● **TASK REQUIREMENTS**
Copy word for word the lines of the records below, beginning at the one with "ONNIT Total Human" and finishing at the one with "kmberggren shirt, mom", ends included, but none of the pictures.

● **PROVIDED ENTRIES**
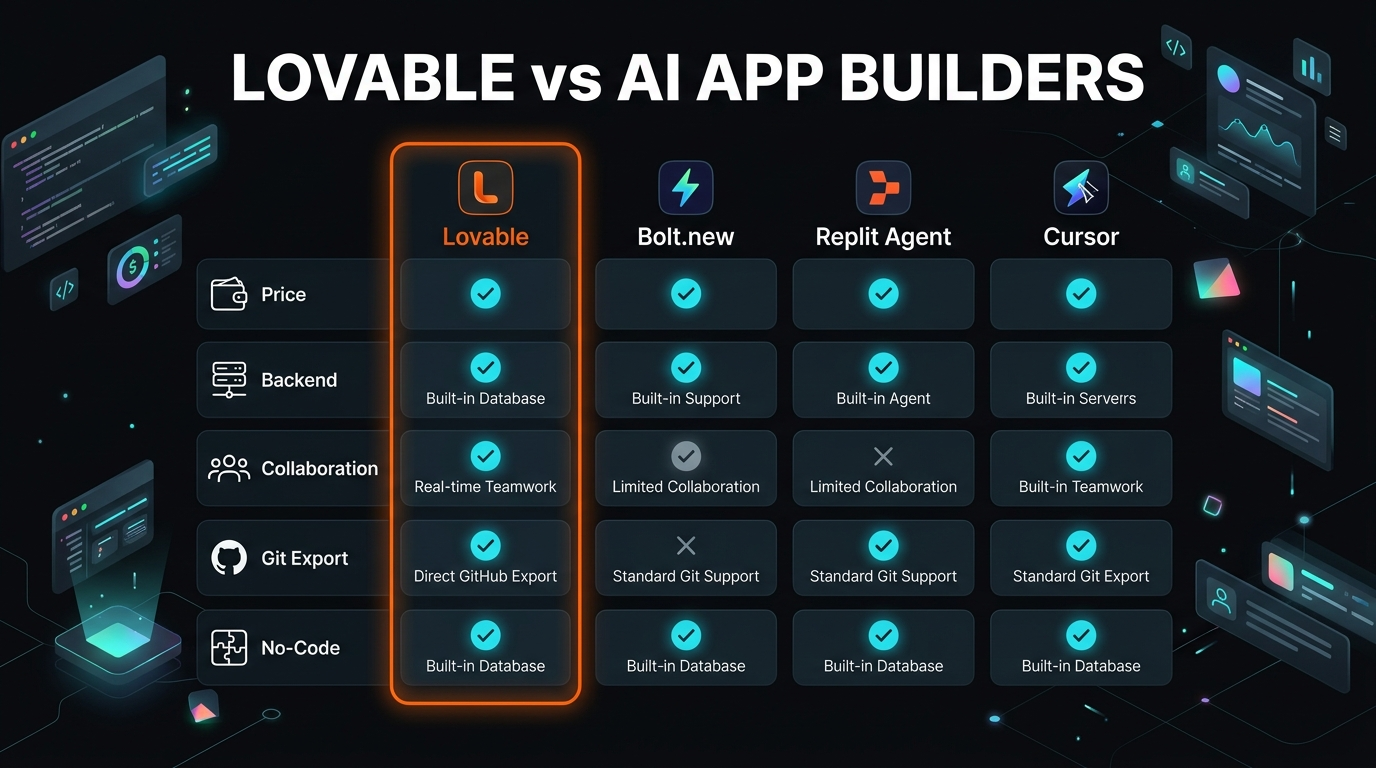 Lovable vs alternatives comparison infographic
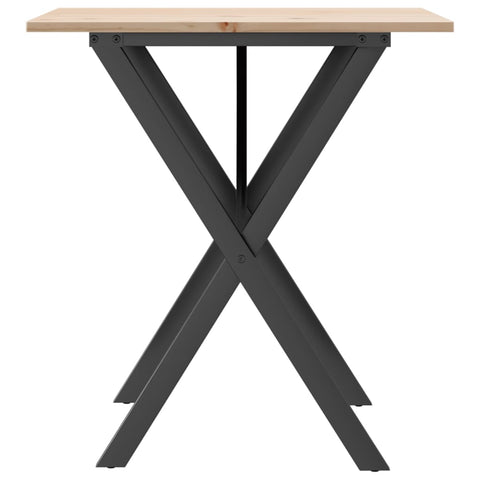 vidaXL Dining Table X-Frame 70x70x75 cm Solid Wood Pine and Steel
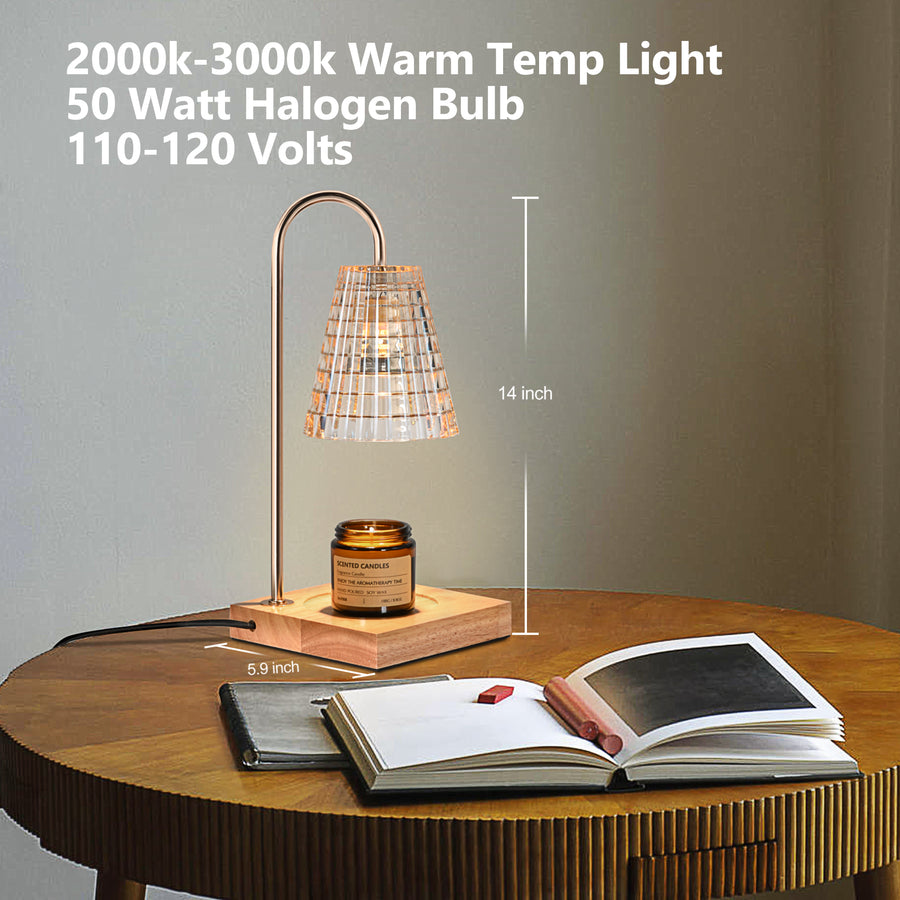 Glass Plaid Candle Warmer Lamp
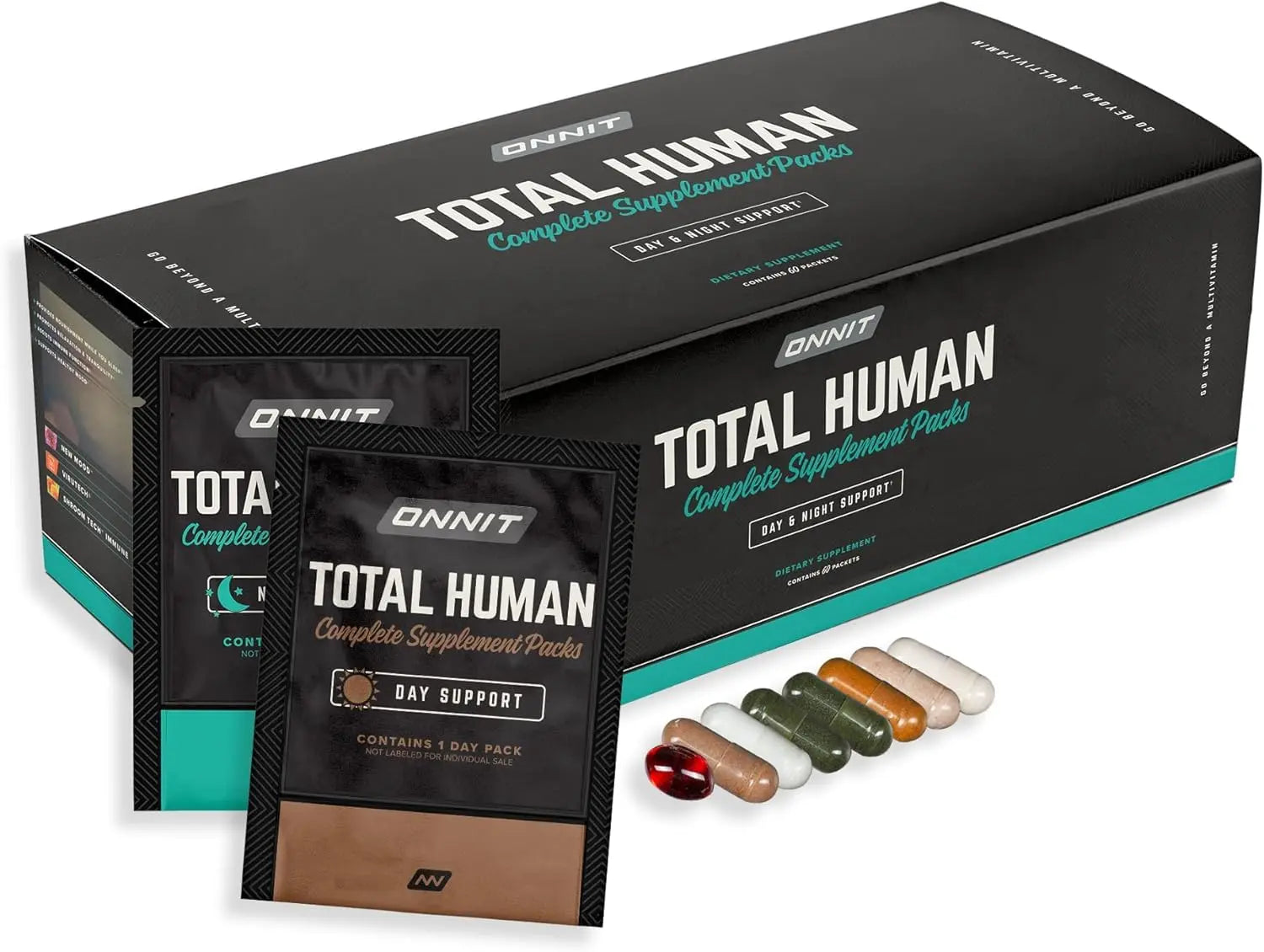 ONNIT Total Human Adult Multivitamin Dietary Supplement Comprehensive Capsule Packs with Day and Night Support ONNIT uk supplements
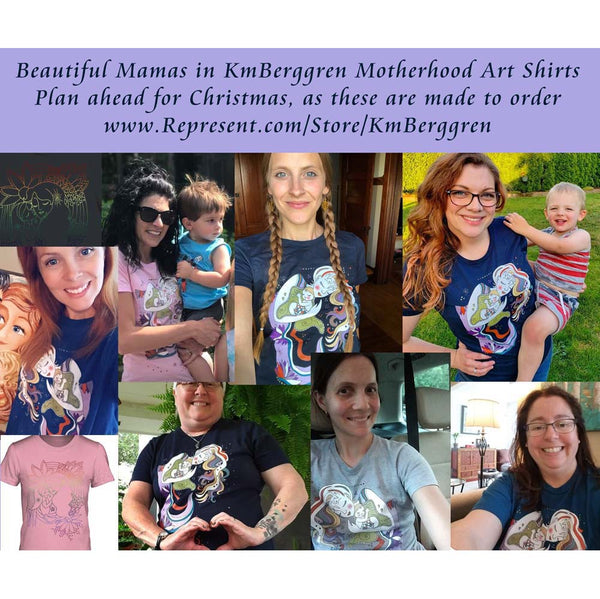 kmberggren shirt, mom art shirt, hoodie with line drawing of baby, baby mom art sweatshirt, hoodie art, printed art on vneck, fitted mom art tee, art print on shirt katie m berggren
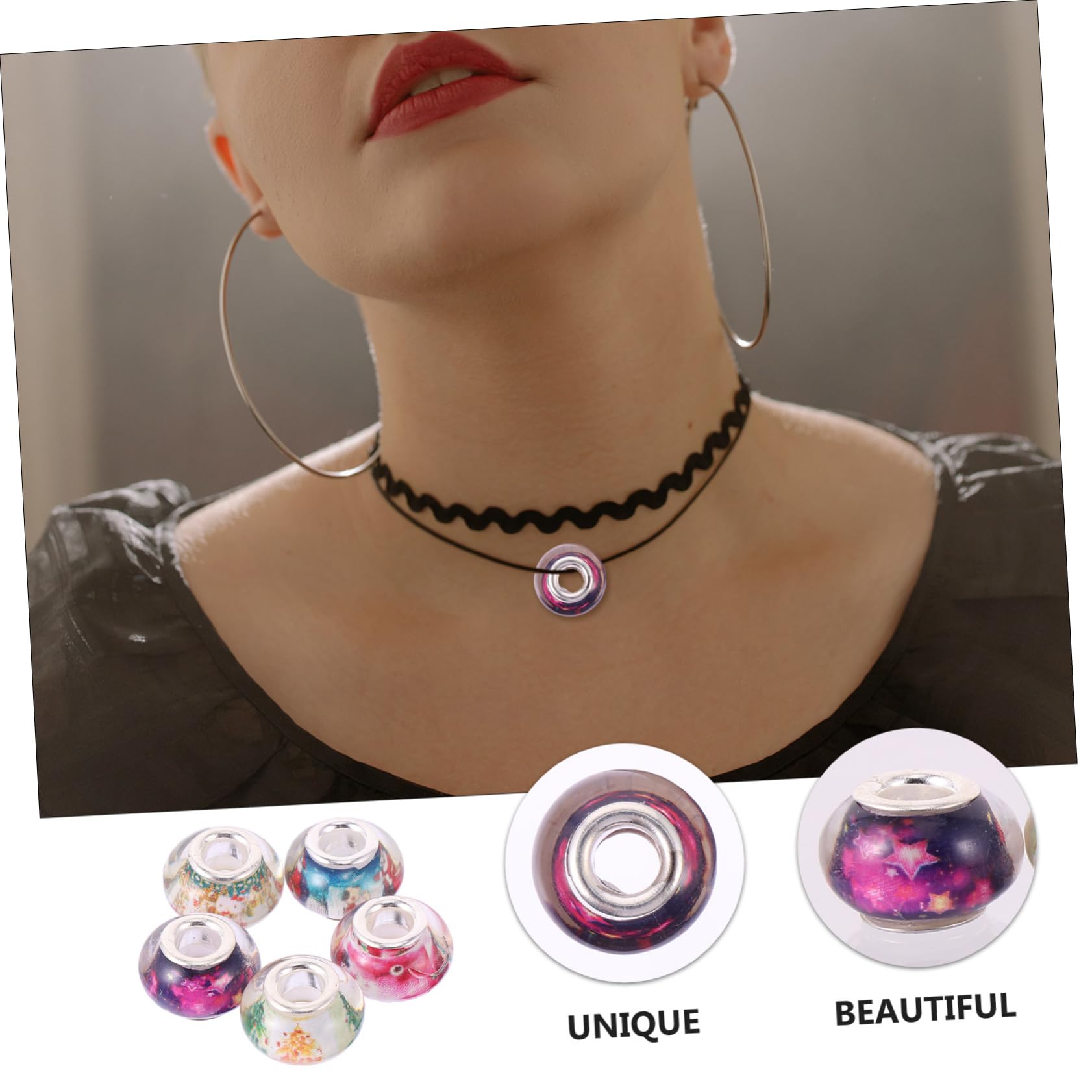 SHINEOFI 200stücke Große Lochperlen Aus Resin Mit Floralen Mustern Für Schmuckherstellung Abstandshalter Für Armbänder Und Halsketten Bastelperlen Für Kreative Projekte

● **RESULT**
 ONNIT Total Human Adult Multivitamin Dietary Supplement Comprehensive Capsule Packs with Day and Night Support ONNIT uk supplements
 kmberggren shirt, mom art shirt, hoodie with line drawing of baby, baby mom art sweatshirt, hoodie art, printed art on vneck, fitted mom art tee, art print on shirt katie m berggren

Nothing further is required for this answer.